Historically, I've done that using the deprecated s3n with keys in-line:
s"s3n://${key}:${secretKey}@${s3_bucket}"
For all the well-documented reasons, s3n and this format is problematic.
When I access JSON from Spark 1.6, this works...
sc.hadoopConfiguration.set("fs.s3a.endpoint", "s3.amazonaws.com")
sc.hadoopConfiguration.set("fs.s3a.access.key", key)
sc.hadoopConfiguration.set("fs.s3a.secret.key", secretKey)
sc.hadoopConfiguration.set("mapreduce.fileoutputcommitter.algorithm.version", "2")

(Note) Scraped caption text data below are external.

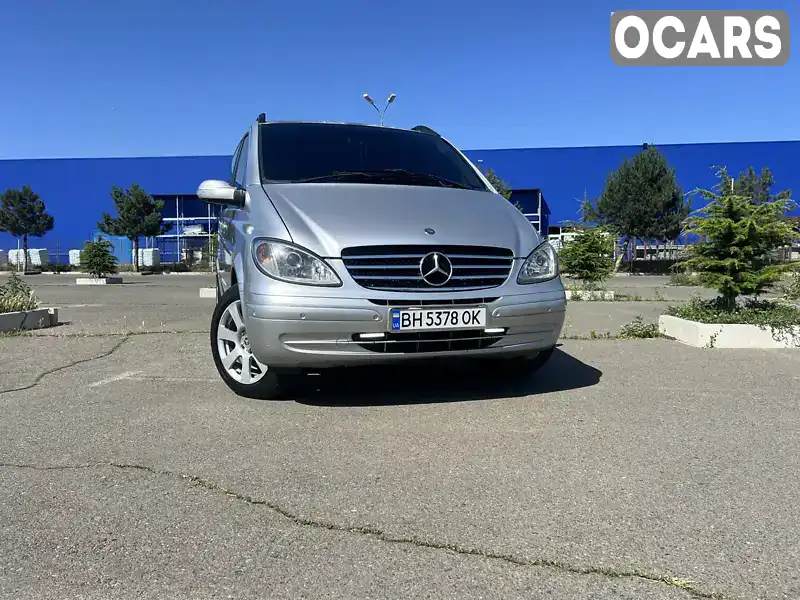 Мінівен Mercedes-Benz Viano 2004 2.15 л. Автомат обл. Одеська, Одеса - Фото 1/14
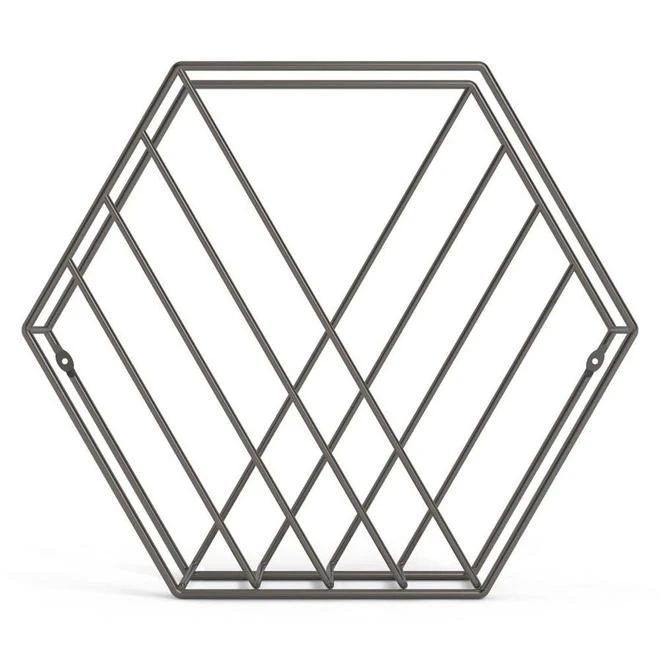 Umbra Zina Magazine Rack 2 Umbra Zina Magazine Rack - Image 2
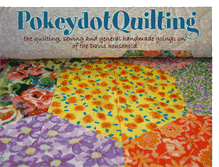 Tablet Screenshot of pokeydotquilting.blogspot.com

val fg = "s3a://bucket/folder/dt=" + day
val rdd = sc.textFile(fg)
When I access Parquet from Spark 2.x, this works...
val spark = {
SparkSession.builder //()
.config("fs.s3a.access.key", key)
.config("fs.s3a.secret.key", secretKey)
.config("mapreduce.fileoutputcommitter.algorithm.version", "2")
.getOrCreate()
}
val fg = "s3a://bucket/folder/dt=" + day
val parqet = spark.read.parquet(fg)
My best guess for Parquet from Spark 1.6 would be something like this, but I get a 403 Forbidden error...

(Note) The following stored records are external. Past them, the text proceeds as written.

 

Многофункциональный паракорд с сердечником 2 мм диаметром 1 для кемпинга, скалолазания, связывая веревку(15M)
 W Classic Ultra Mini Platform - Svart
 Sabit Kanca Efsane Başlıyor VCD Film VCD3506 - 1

sqlContext.setConf("fs.s3a.access.key", key)
sqlContext.setConf("fs.s3a.secret.key", secretKey)
sqlContext.setConf("fs.s3a.endpoint", "s3.amazonaws.com")
val fg = "s3a://bucket/folder/dt=" + day
val parq = sqlContext.read.parquet(fg) // 403 Forbidden here
Any advice appreciated.
EDIT - adding some detail about other s3a settings.
// sqlContext.getAllConfs.filter(_._1 contains "s3a").foreach(println)
(fs.s3a.connection.maximum,15)
(fs.s3a.impl,org.apache.hadoop.fs.s3a.S3AFileSystem)
(fs.s3a.fast.buffer.size,1048576)
(fs.s3a.awsSecretAccessKey,DikembeMutombo)
(fs.s3a.connection.timeout,50000)
(fs.s3a.buffer.dir,${hadoop.tmp.dir}/s3a)
(fs.s3a.endpoint,s3.amazonaws.com)
(fs.s3a.paging.maximum,5000)
(fs.s3a.threads.core,15)
(fs.s3a.multipart.purge,false)
(fs.s3a.threads.max,256)
(fs.s3a.multipart.threshold,2147483647)
(fs.s3a.awsAccessKeyId,DikembeMutombo)
(fs.s3a.connection.ssl.enabled,true)
(fs.s3a.connection.establish.timeout,5000)
(fs.s3a.threads.keepalivetime,60)
(fs.s3a.max.total.tasks,1000)
(fs.s3a.fast.upload,false)
(fs.s3a.attempts.maximum,10)
(fs.s3a.multipart.size,104857600)
(fs.s3a.multipart.purge.age,86400)
EDIT 2 - adding the workaround I'm using if I can't solve.
I think I have two options that I can make work, but I don't care for either.
- s3a with credentials either hard-coded in core-site.xml OR set dynamically using sqlContext.setConf()... does not work.
- s3a with credentials inline in the URL... works.
- s3 with credentials set via sqlContext.setConf()... does not work.
- s3 with credentials hard-coded in core-site.xml... works.
Unfortunately... including credentials in-line is bad security practice (and creates problems)... but hard-coding in core-site.xml isn't a complete solution. I need to be able to toggle between 4 sets of credentials. So my hack-y solution is to hard code s3 credentials in core-site.xml... and use inline with s3a to access Parquet in other AWS environments.
Would rather use s3a only and never with inline credentials, but I can't get that to work unfortunately.